Suddenly, that near-perfect early April for Ross looks a little less impressive, his ERA having skyrocketed from 0.00 to 5.87 in the span of two hours. And a Nationals club that already was confronting major rotation issues watched one of its only reliable starters to date throw another clunker onto the growing pile.
"It's not like I feel an extra burden to produce a quality start in that sense," Ross said during his postgame Zoom session with reporters. "But every time I go out there, I want to go deep in the game. It's more my personal goal than a burden to carry the rotation. We have some really good pitchers, obviously, and those guys are going to be great at times. And at times, we'll all struggle a little. It's early. It's still April. I can't speak to the future, but I think we'll be alright."
This was, however, the third time in a week a Nats starter surrendered eight or more runs, Ross joining Strasburg (eight runs in St. Louis on Tuesday) and Corbin (10 runs versus Arizona on Thursday). And it continued a troubling trend for a rotation that has either been great or awful so far this season, rarely anything between.
In their five wins, the Nationals have seen their starters give up six total earned runs. In their nine losses, that number balloons to 40. And there's a domino effect on the rest of the staff.
"We haven't gotten any length out of our starters," manager Davey Martinez said. "Our bullpen right now ... they did a great job for us once again, but they're getting taxed. They're pitching way, way too much. We've definitely got to keep an eye on these guys or we won't have a bullpen."
This evening actually got off to an encouraging start for Ross, who mowed through the top of the Cardinals lineup in a 1-2-3 top of the first, striking out Tommy Edman and Paul Goldschmidt and getting Nolan Arenado to pop up. His sinker-slider combo was working just as well as it did during his first two outings, and he now had opened his season with 12 consecutive scoreless innings (second-most for any starter in club history, four behind Liván Hernández's streak to open the 2010 campaign).
But then Paul DeJong turned on a sinker from Ross (inside, but belt-high) and clanked it off the left field foul pole for a second-inning homer and the end of the scoreless streak. And things quickly devolved from there.
After retiring six of the first seven batters he faced, Ross retired only five of the final 17 who stepped to the plate against him. And two of the outs came on sacrifice bunts, including a perfectly executed safety squeeze by opposing starter Jack Flaherty.
Most of the runs came on big blasts. Edman drilled a 3-0 fastball to left in the third. Goldschmidt followed moments later with another solo shot off a rare Ross changeup. And DeJong put one last nail in the coffin with a grand slam into the red seats in deep left-center on Ross' 85th and final pitch, blowing the game open and giving the Cardinals a 10-2 lead.
"I don't know if anything changed (after the strong start)," he said. "I probably got away with a few missed pitches early on.
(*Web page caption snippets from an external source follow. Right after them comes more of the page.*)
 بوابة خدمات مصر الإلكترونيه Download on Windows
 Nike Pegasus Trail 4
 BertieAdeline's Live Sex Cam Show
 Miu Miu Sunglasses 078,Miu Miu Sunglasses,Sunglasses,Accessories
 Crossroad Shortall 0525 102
But I was just not executing good pitches where I wanted to, and they made me pay for it."
Everything after that was academic, though the Nationals did show signs of life and tried to make things interesting. Held scoreless for three innings by Flaherty, they plated a pair of runs in the fourth when Josh Bell doubled down the left field line for only his third hit in 22 at-bats this season and then scored on Starlin Castro's sacrifice fly. Doubles by Josh Harrison and Yan Gomes, and a single by Victor Robles brought home three more runs in the sixth and gave the paid crowd of 7,542 some reason to get excited.
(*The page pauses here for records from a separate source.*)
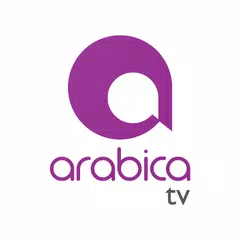 Arabica TV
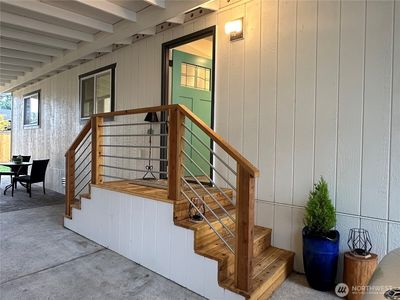 1919 196th Street SW #61, Lynnwood, WA, 98036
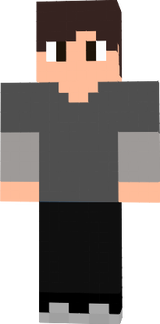 gabebr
But that's as close as the Nats would get in this one. Once again, a disastrous performance by a member of their rotation left them in a sizeable hole. And this time, it came from one of their brightest lights during the first two weeks of a 2021 season that has included far too many dark splotches.
"Just a tough day for him," Martinez said of Ross. "Hopefully, he learns something today, he bounces back. We need him."